The car purchasing process is supposed to be an exciting process. After years of wearing down “ole reliable”, you finally get to upgrade to a new (or used) car.
However, there are nightmare scenarios in which a person buys a used car, then has something go wrong and it breaks down. Those situations will certainly have you singing the blues!
While rare, those situations happen and can be detrimental to the person that just purchased the car. In fact, many people don’t know what to do if that were to happen.
So if you’re saying “I bought a used car from a private seller and it broke down”, then this is what you can do!
Bring it to the Private Seller’s Attention
Unfortunately, if you purchased your car from a private seller, then it’s likely you didn’t buy your car with a warranty on it.
If that’s the case, then you don’t have much pull on your side of this. Technically, the private owner has no responsibility to it once you’ve signed the dotted line.
However, many private owners will feel bad for your troubles and might help you out in order to help you compensate.
If they sell a lot of cars, then they might be afraid this incident will give them a bad rep.
One of the first things that you should do is notify your private seller of what happened and see if they’ll compensate you financially or help lower your labor charges to get it fixed.
Used-Car Lemon Laws
For those of you that are unfamiliar with the term, a “lemon” is a term for a car that is constantly in and out of the shop due to its many problems. Odds are that you’ve had more than one “lemon” in your driving career.

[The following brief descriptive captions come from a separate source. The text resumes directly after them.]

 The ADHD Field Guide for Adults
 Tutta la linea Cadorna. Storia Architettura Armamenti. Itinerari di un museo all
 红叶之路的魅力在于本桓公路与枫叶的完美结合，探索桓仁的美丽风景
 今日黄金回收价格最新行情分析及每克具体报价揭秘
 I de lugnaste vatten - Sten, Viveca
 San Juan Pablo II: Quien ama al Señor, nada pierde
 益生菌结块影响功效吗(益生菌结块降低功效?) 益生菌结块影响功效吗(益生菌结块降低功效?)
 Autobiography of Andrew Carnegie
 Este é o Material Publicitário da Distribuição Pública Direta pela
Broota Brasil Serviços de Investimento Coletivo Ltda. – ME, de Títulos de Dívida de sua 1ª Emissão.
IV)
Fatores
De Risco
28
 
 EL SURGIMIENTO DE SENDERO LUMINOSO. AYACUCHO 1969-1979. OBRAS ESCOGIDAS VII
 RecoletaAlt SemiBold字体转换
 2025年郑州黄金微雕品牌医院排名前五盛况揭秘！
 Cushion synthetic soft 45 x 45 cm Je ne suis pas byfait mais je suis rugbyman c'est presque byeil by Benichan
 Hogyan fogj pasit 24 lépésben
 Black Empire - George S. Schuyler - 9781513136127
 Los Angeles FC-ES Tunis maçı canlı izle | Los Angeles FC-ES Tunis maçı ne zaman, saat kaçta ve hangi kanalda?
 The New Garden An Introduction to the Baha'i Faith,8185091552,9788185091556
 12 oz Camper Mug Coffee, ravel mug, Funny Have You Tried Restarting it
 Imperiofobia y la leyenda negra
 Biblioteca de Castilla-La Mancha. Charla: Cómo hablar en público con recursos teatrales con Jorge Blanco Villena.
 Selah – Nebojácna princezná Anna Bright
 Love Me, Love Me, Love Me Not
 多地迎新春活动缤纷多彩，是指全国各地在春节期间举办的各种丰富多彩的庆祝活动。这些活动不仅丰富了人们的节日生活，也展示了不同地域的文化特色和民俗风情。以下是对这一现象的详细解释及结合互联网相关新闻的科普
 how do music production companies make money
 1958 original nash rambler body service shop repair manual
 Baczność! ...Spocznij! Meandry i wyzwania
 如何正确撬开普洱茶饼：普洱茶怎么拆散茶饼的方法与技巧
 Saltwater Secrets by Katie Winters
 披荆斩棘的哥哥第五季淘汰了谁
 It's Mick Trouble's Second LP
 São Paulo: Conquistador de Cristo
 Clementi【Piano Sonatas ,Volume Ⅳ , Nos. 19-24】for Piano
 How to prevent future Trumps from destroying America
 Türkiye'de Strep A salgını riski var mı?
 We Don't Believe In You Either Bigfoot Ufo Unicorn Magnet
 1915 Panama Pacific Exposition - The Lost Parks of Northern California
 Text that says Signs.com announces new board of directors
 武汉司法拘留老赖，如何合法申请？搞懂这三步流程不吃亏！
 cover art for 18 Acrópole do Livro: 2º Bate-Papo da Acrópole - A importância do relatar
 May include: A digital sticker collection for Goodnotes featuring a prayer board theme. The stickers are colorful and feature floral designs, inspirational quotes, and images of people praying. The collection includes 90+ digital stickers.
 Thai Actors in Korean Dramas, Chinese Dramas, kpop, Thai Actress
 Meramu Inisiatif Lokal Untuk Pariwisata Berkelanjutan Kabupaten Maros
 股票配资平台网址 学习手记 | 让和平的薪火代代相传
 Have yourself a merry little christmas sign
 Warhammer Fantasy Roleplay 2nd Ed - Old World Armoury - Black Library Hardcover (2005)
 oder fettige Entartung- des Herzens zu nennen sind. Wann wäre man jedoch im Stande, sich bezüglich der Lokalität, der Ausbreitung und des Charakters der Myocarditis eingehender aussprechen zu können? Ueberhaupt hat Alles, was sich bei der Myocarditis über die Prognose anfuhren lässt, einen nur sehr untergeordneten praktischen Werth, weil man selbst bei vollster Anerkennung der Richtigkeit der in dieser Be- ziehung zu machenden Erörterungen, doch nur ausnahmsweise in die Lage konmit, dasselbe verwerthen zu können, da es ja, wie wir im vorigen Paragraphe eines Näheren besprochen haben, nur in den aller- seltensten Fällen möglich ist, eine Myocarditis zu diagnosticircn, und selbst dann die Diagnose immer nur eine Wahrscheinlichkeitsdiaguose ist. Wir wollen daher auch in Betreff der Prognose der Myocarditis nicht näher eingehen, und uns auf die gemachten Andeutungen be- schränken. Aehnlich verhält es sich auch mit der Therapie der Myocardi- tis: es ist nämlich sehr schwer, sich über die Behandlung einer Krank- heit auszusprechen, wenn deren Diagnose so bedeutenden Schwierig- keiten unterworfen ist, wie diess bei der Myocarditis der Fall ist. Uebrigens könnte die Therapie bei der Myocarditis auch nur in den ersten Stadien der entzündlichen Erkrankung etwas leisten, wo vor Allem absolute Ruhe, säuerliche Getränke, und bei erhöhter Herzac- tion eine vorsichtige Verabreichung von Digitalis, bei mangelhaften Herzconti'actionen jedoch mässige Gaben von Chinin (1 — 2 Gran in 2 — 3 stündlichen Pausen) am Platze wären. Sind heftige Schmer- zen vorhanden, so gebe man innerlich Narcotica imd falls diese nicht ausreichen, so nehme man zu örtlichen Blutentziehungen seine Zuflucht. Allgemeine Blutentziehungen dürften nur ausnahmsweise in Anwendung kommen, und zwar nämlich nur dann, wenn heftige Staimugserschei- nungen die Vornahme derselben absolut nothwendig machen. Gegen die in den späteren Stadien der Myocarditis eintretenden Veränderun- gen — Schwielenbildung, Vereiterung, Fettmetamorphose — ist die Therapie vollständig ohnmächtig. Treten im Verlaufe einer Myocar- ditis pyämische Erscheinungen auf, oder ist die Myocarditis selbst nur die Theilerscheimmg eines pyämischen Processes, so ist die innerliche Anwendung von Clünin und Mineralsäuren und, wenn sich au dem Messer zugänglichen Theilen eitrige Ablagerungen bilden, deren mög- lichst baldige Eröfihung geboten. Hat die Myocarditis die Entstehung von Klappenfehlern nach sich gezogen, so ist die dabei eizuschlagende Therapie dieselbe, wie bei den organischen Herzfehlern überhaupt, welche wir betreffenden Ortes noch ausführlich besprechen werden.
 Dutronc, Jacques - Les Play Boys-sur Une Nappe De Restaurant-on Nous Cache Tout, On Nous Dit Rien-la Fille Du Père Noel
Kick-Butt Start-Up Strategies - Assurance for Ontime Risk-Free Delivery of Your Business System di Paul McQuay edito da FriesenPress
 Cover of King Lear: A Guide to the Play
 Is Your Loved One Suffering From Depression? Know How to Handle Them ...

Fortunately, some states (such as New York, New Mexico, Minnesota, and Connecticut) have installed used-car lemon laws to protect used car buyers from dealing with a lemon that they just purchased recently
The law insists that every used-car purchase has some type of warranty, whether contracted or otherwise.
The big indicator of this warranty is how much mileage is on the car at the time of the purchase.
In those situations, the private seller must repair any issues within a certain mileage range (the warranty duration).
If the problems continue even after multiple tries, then that private seller has to either refund the money or replace the car, whichever you two agree on.
There are other states, such as Pennsylvania, Illinois, Arizona, Nevada, Maine, and North Carolina, that protect a used-car buyer from what they consider “unfair” selling practices.
Be sure to check and see what your state’s laws are and how they can help your situation.
If You Haven’t Bought Yet, Then Have It Inspected!
One of the best ways to avoid this entire situation is to have the used car you’re interested in buying thoroughly inspected by a third-party. If you have a trusted car mechanic, then be sure to have them take a look at your potential vehicle.
Many people opt not to take advantage of this because they’re afraid it will harshen the relationship between you and the seller.
Simply put: if the private seller gets upset about your wanting to inspect it, it’s because they have something that they’re hiding. They know something that you don’t and want to keep it that way.
The inspection itself shouldn’t take very long, and you can actually arrange the inspection to be done during your test drive.
This will protect you and your family from running into a situation where your finances are compromised.
Even if you’re confident in the legitimacy of the private seller, still have it looked at. There might be an upcoming issue with the car that they weren’t even aware of. Do your due diligence… you won’t be sorry.
Check the Car’s History Report
Gone are the days of taking a previous owner’s word for the integrity of a car that you’re interested in buying.
These days, every single car has a history report, and those history reports are available via the internet. If you can’t find the history report of a vehicle, then run for the hills!
Car history reports help provide accountability to the car sales process. They’ve become so mainstream in order to avoid situations such as the ones listed above.
You will be able to tell if a car falls under the category of “lemon” if it’s had too many visits to the auto shop to count.
If the private seller you’re buying from doesn’t have a history report, then ask them for the vehicle’s VIN number and check for yourself.
These can still be a bit askew, so don’t take them as absolute. For example, don’t automatically assume a car history report with minimal repair visits means the car is trustworthy.
For all that you know the previous owner has been “fixing” the problem themselves for all these years. Be sure to use your best judgment.
I Bought a Used Car from a Private Seller and It Broke Down… Now What?
There you have it! You now know the answer for those of you saying “I bought a used car from a private seller and it broke down”.
To avoid this headache, be sure to do your due diligence from the get-go and set yourself up for success.